The prostate-specific antigen (PSA) test is the front-line clinical test for telling men whether they likely have prostate cancer. Yet it isn’t always accurate. In fact, roughly 75% of men with elevated levels of PSA do not have cancer (what’s known as a false positive). But even more dangerously, sometimes men without elevated PSA levels do have cancer (what’s known as a false negative).
Just this past week, the actor Ben Stiller shared his own experience with the PSA test, calling it “the prostate cancer test that saved my life” because his doctor gave him a test to establish his baseline PSA level when he was 46 and then repeated tests over time. This time-series data — even over a short period — helped detect and treat Stiller’s cancer early as his doctors observed rising PSA levels.
While any given test may have its share of false positives and negatives and other flaws for predicting disease in a one-off fashion, they can be made extremely predictive when considered over time. See for example recent studies from women’s health, which have shown that screening at multiple points over time identifies ovarian cancer earlier.

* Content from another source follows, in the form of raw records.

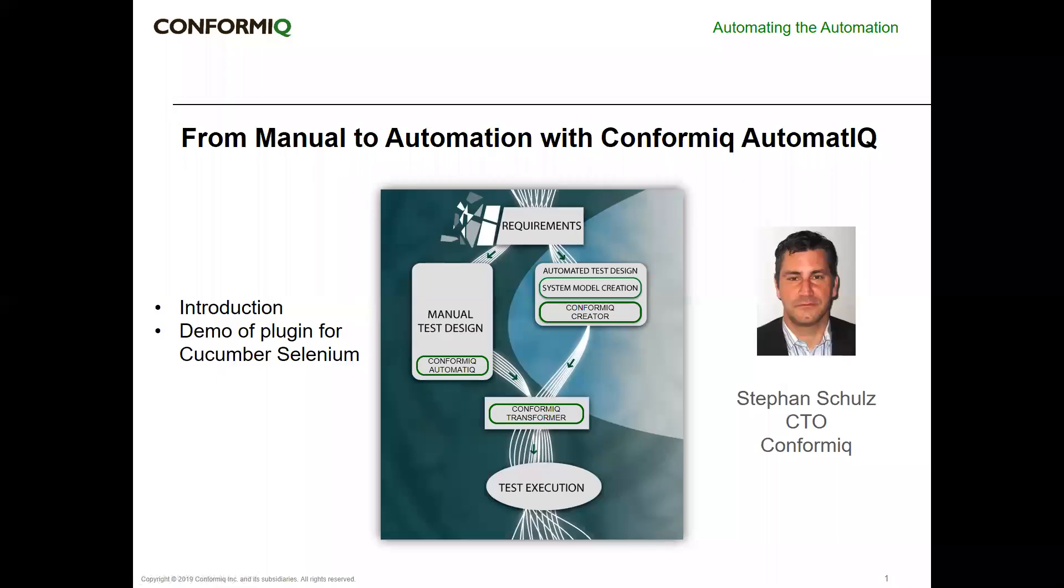Hello and a warm welcome to this brief introduction to Conformiq Automatic for Cucumber Selenium Java. My name is Stefan Schulz, I'm the CTO of Conformiq.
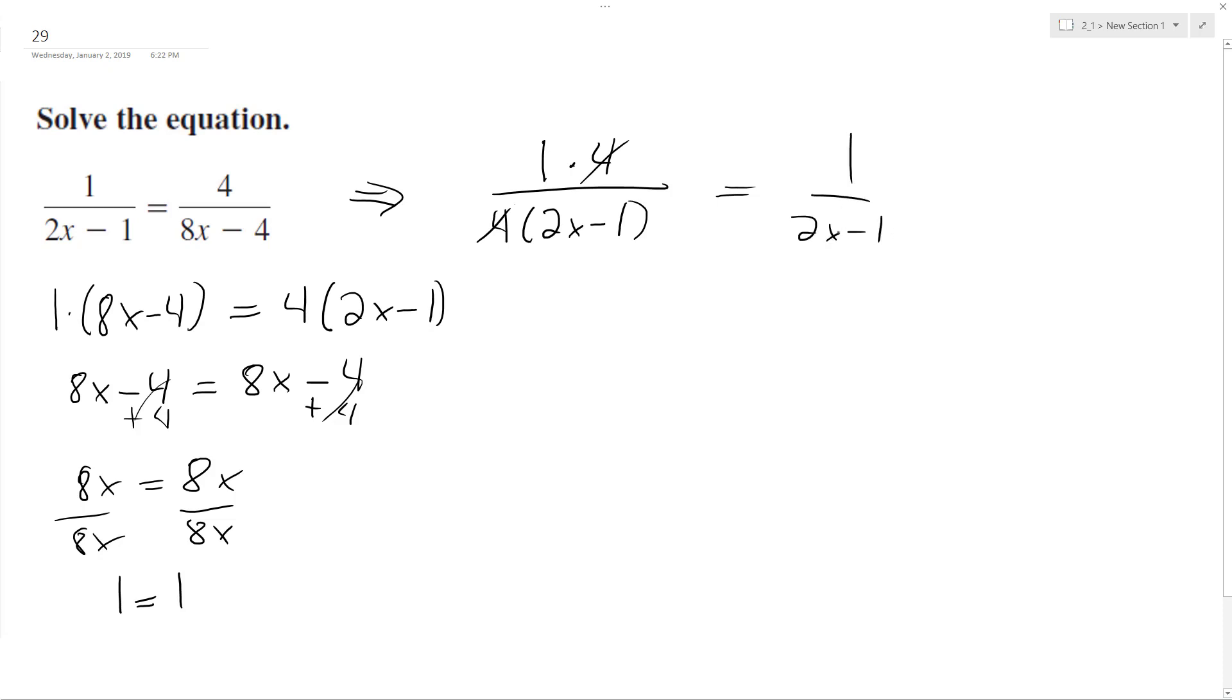So anyway, x is any value. It doesn't matter what it is, it's always going to match up.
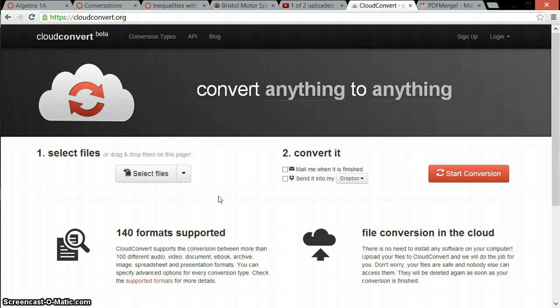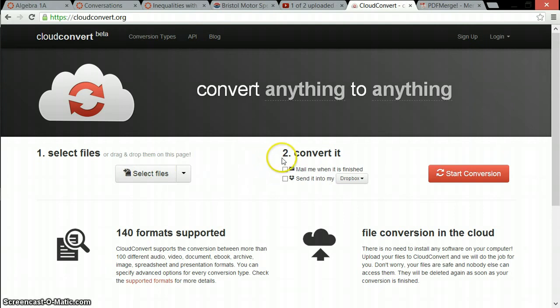But it will change file types. If you have a picture file, for instance, it could probably turn it into a PDF. You'll just select your files from the screen that pops up here and tell it what you want to convert it into.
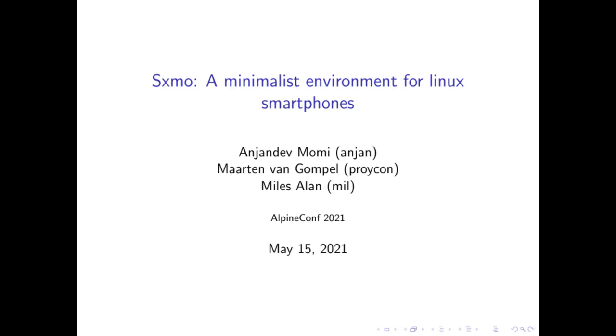Hello everyone, my name is Anjan. I'm joined here by Maarten, also known as Proicon, and Miles Allen, who unfortunately could not join us. Today we're going to be presenting SXMO, SimpleX Mobile, a minimalist environment for Linux smartphones.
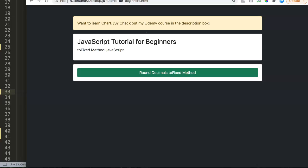In this video we're going to explore how you can use the toFixed method to round decimals. For example, you have a number with multiple decimals, but if you have payments where you're using dollars and cents, you only have two decimals. How can you control this? Let's start and explore how to do this.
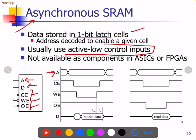Address specifies which address location we need to write data to and which address location we need to read data from. Chip enable, when made low, means the chip has been selected. Write enable, when low, means write operation is enabled. Output enable, when made low, means data will be read from the memory.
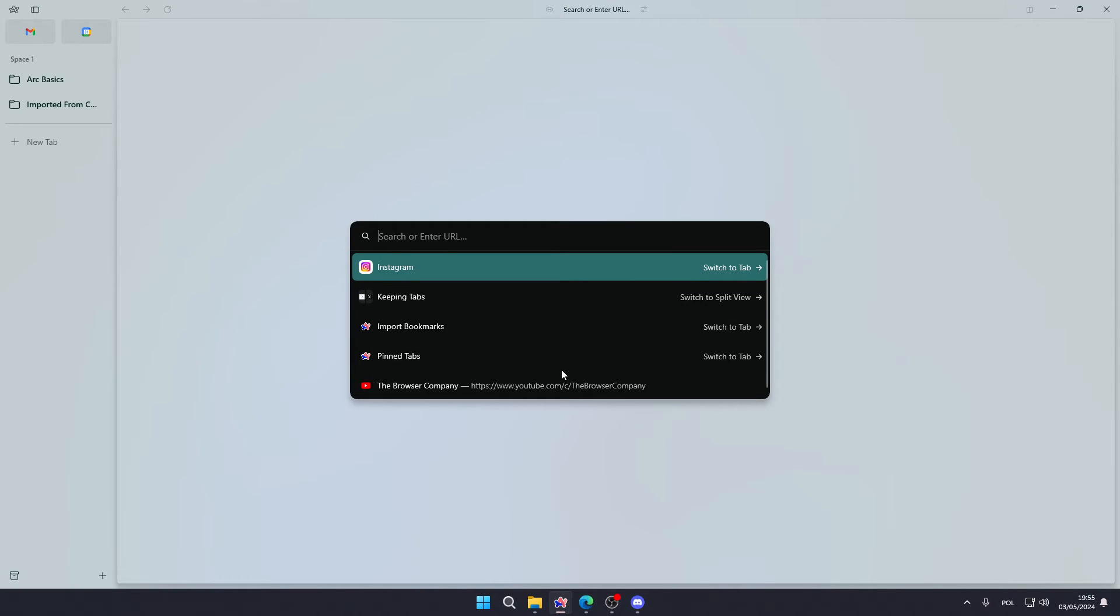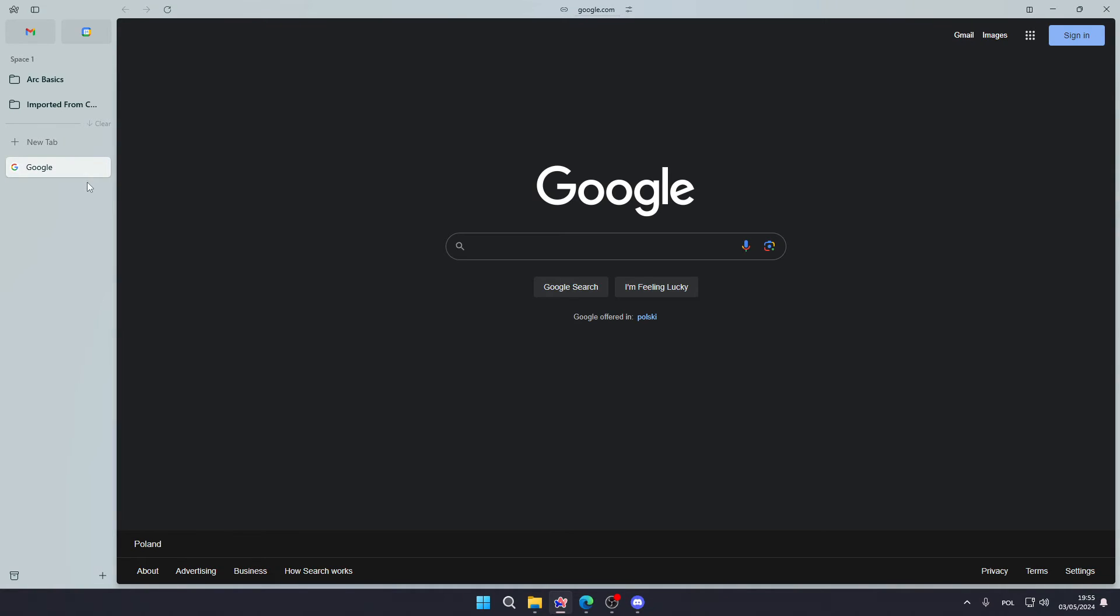Another thing that you can do in order to open the tab is you can press the combination CTRL and T on your keyboard, and then once again enter the address that you want to open and there we go.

But time-series data is just part of the answer. The greater opportunity here lies in bringing together and combining various longitudinal measurements much more broadly. And that’s where Q comes in. By aggregating several different existing, well-established technologies and tests over time and using computation to better interpret data, Q can greatly increase the effective accuracy of these tests. This in turn dramatically increases our ability to catch disease early, early enough to treat.
How is this possible? As healthcare becomes more of an information science, computation and data can play a more significant role. No human being could effectively combine a flood of inputs from many disparate tests. But software can!
Moreover, in addition to broader testing for baseline and trends, software can leverage data from existing tests to yield other untapped insights. For example, with the low cost of genomics — because bio has its own Moore’s Law — one could use genetic material to better interpret PSA tests. Recent results show how knowing your “snips” (SNPs or single nucleotide polymorphisms) in DNA would lead to a much more predictive interpretation of PSA.
With these approaches, the tri-fold axes of multiple tests, time, and population can all be brought to bear in a unified way. Genomics would give insight into how to better read tests for a given patient and understand the specific challenges they face. Combine that with time series data and we get even greater accuracies. And finally, as more patients participate, one could predict even subtle aspects earlier with higher accuracy due to aggregating patient experience and outcomes from millions of people.
The approach that Q is taking can revolutionize healthcare by bringing the best of technology and computer science to the healthcare science and practices we already have in place. The co-founders themselves embody this combination of skills: serial entrepreneur and computer scientist Jeffrey Kaditz most recently worked to bring transparency in consumer finance; Michael Snyder is the genetics chair at Stanford and Director of Personalized Medicine who also pioneered digitization of human biofluids; and chief medical officer Garry Choy is an MD, MBA, and practicing clinical radiologist.
I’m delighted to announce our investment in Q’s recent funding round and excited to partner with this team to help bring their vision to fruition.